DIRECTIONS ▸ Write out the data again exactly, skipping every picture.

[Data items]
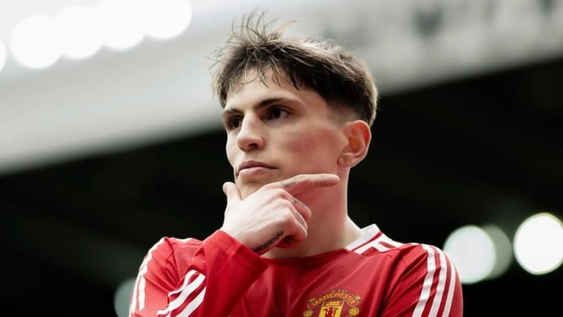 Alejandro Garnacho podría dejar el Manchester United para sumarse al Chelsea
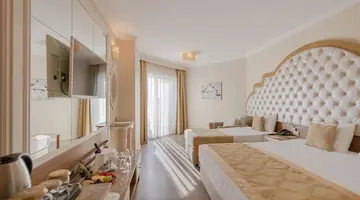 SIDE PREMIUM by OZ Hotels
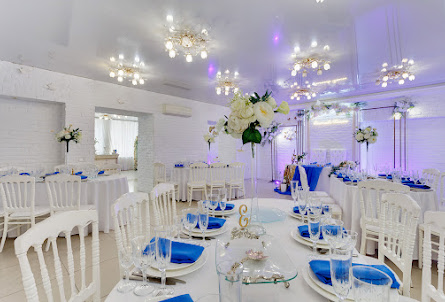 Большой зал в Малый зал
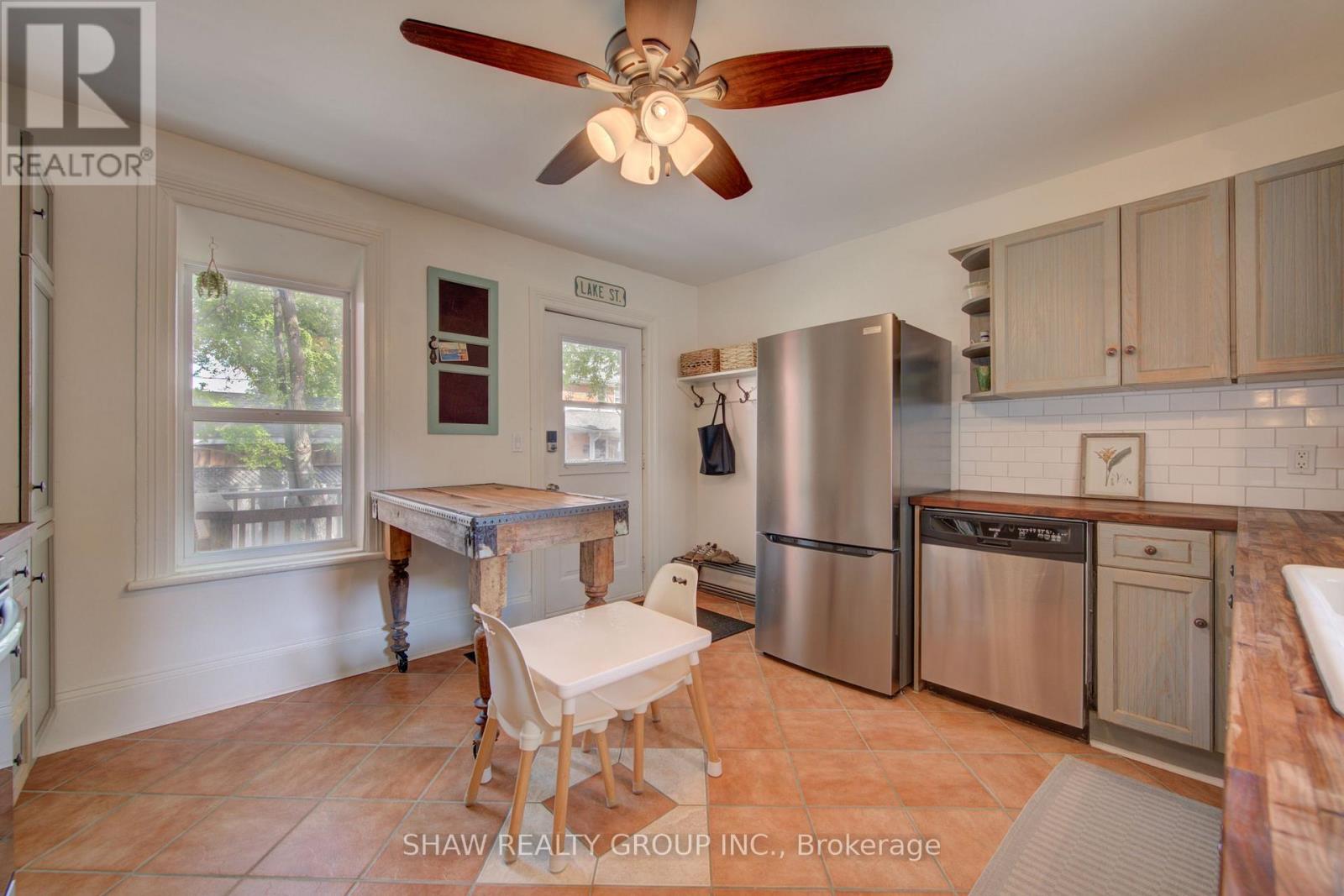 15 GILHOLM AVENUE - 25
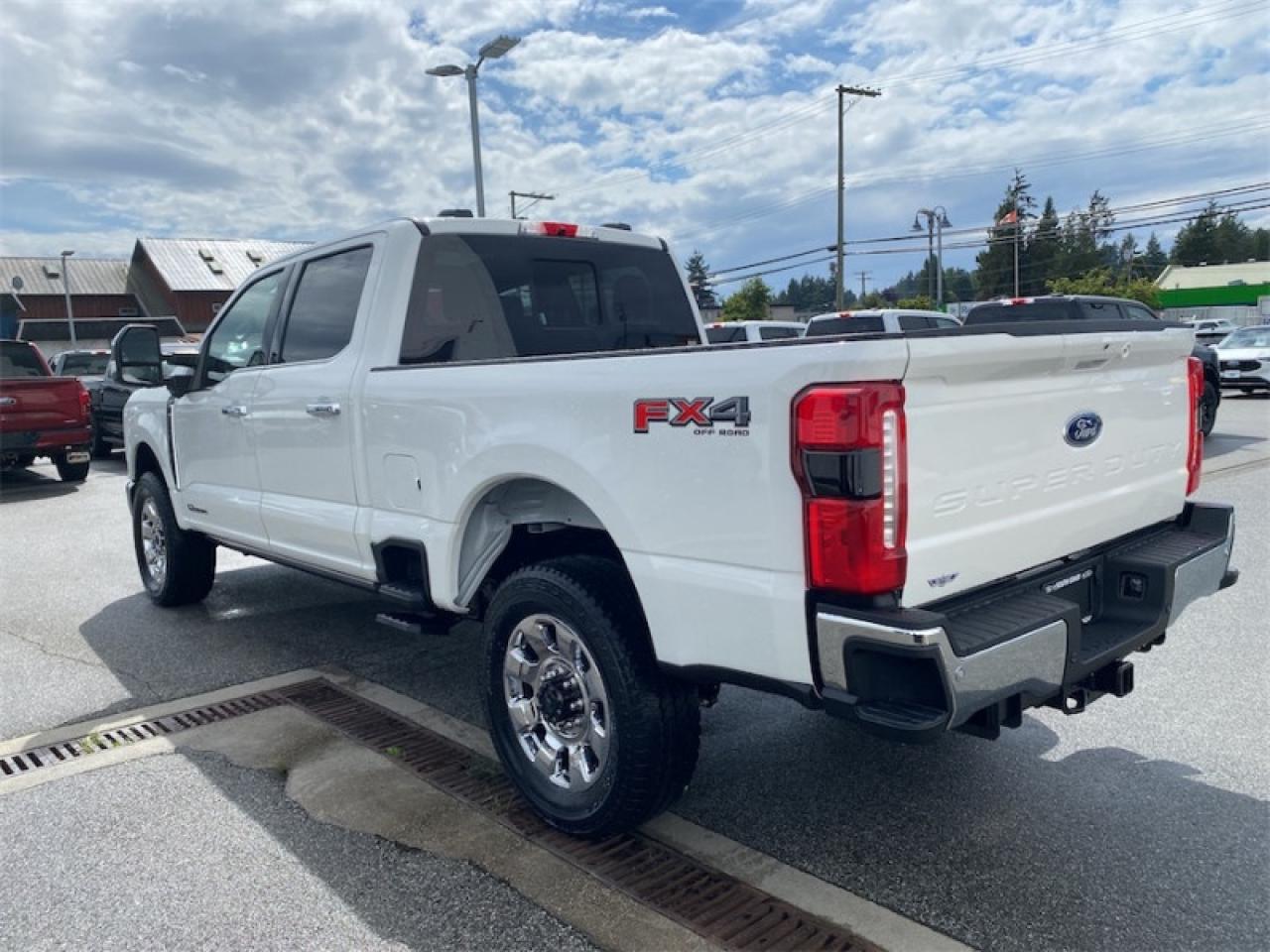 2025 Ford F-350 Super Duty LARIAT  - Moonroof Photo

COMPLETED EXERCISE ▸
 Alejandro Garnacho podría dejar el Manchester United para sumarse al Chelsea
 SIDE PREMIUM by OZ Hotels
 Большой зал в Малый зал
 15 GILHOLM AVENUE - 25
 2025 Ford F-350 Super Duty LARIAT  - Moonroof Photo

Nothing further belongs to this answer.